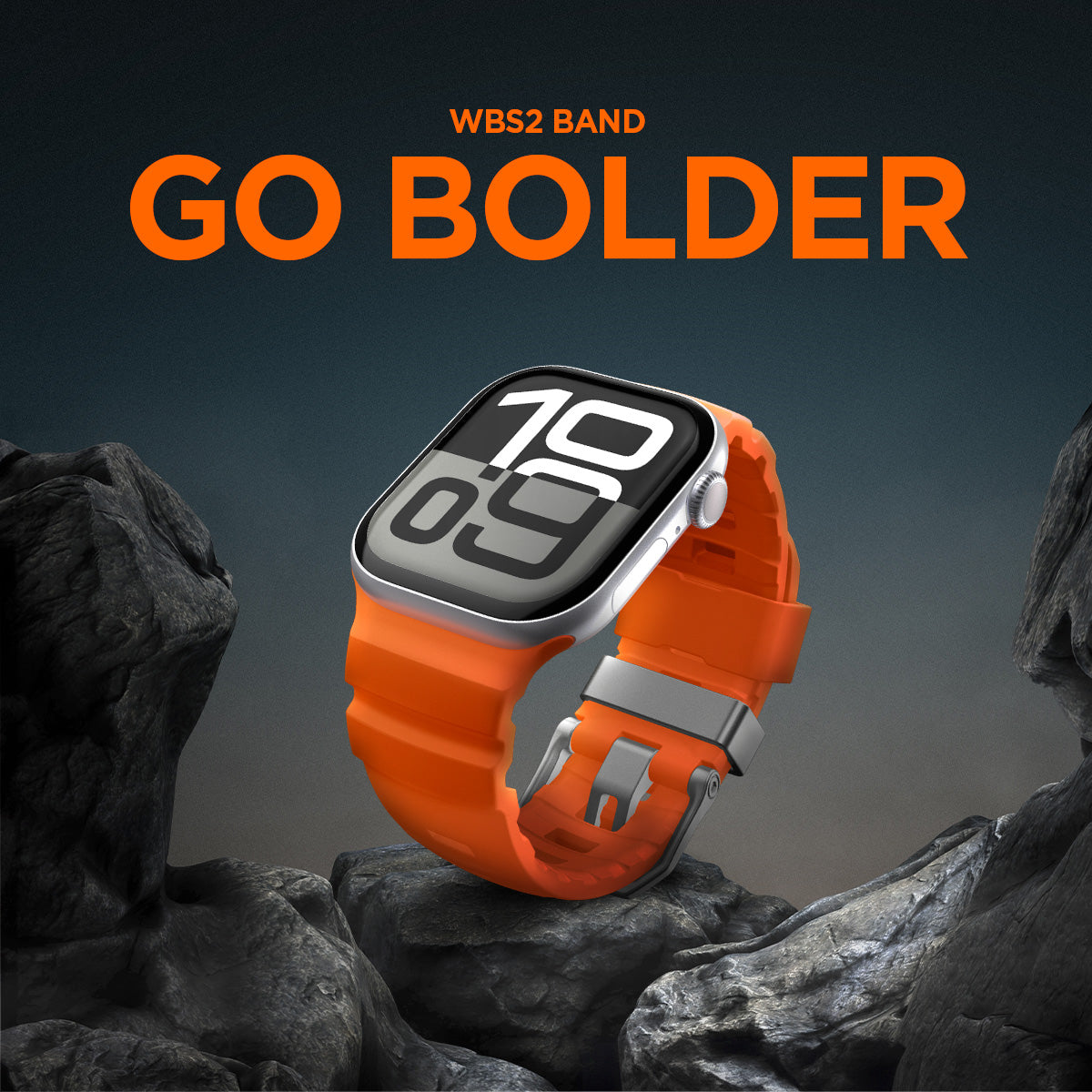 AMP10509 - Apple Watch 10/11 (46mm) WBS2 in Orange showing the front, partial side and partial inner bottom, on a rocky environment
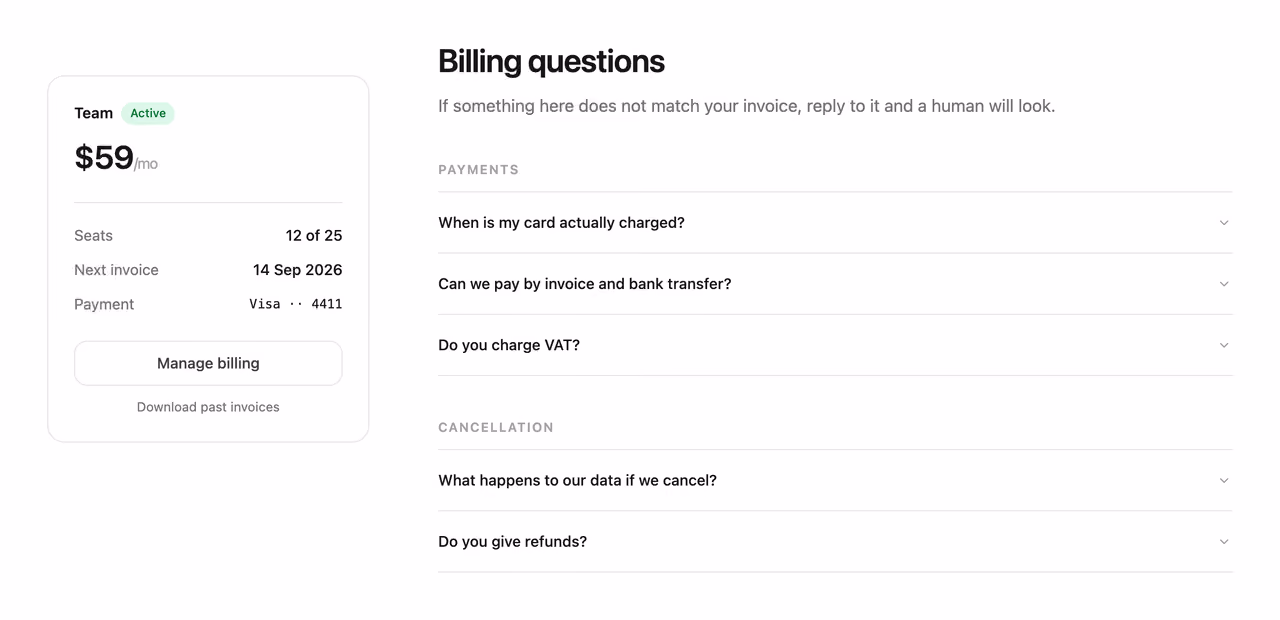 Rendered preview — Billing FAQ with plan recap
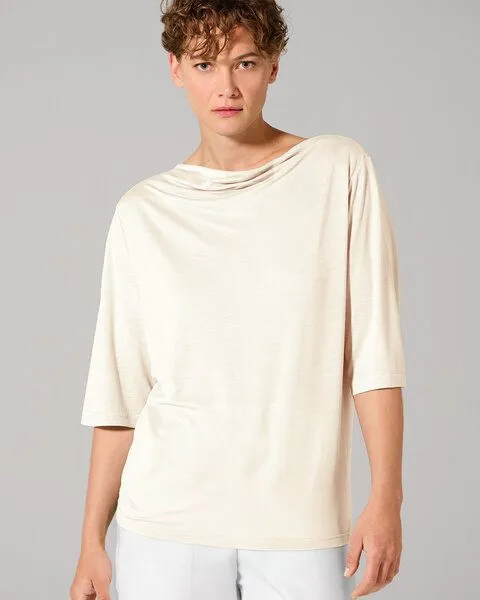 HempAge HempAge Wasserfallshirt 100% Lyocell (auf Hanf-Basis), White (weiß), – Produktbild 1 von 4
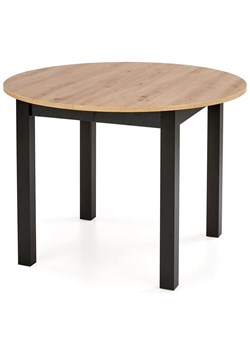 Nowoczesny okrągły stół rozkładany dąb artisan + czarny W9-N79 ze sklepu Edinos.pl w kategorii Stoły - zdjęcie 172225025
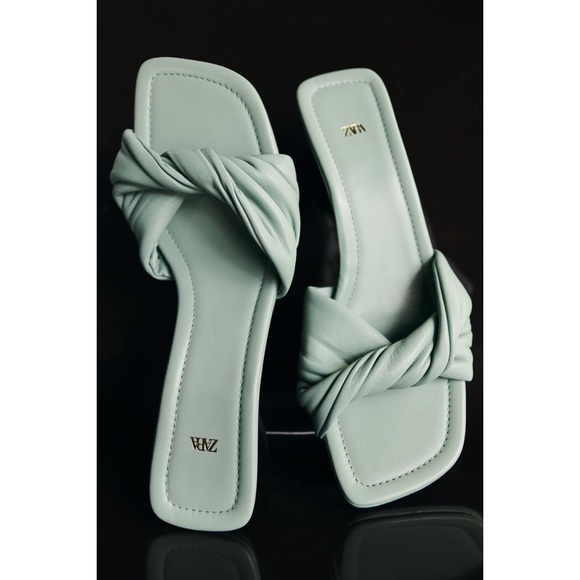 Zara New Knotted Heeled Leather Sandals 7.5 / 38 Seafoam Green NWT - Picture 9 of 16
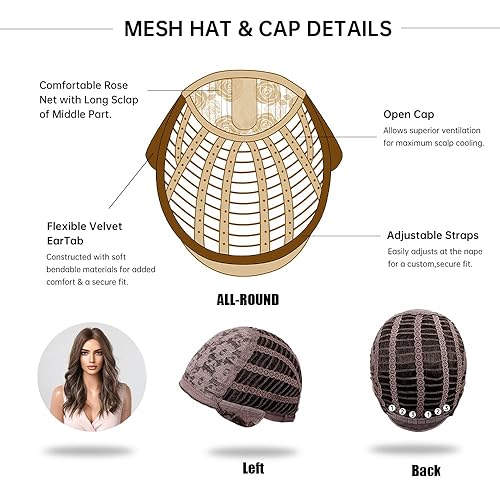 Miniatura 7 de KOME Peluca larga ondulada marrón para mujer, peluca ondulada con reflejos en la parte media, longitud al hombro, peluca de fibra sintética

_What is needed_
Only the lines from the one containing "HempAge HempAge Wasserfallshirt" through the last line of the entries above, both included, belong in the answer, written out exactly; pictures do not.

_Task solution_
 HempAge HempAge Wasserfallshirt 100% Lyocell (auf Hanf-Basis), White (weiß), – Produktbild 1 von 4
 Nowoczesny okrągły stół rozkładany dąb artisan + czarny W9-N79 ze sklepu Edinos.pl w kategorii Stoły - zdjęcie 172225025
 Zara New Knotted Heeled Leather Sandals 7.5 / 38 Seafoam Green NWT - Picture 9 of 16
 Miniatura 7 de KOME Peluca larga ondulada marrón para mujer, peluca ondulada con reflejos en la parte media, longitud al hombro, peluca de fibra sintética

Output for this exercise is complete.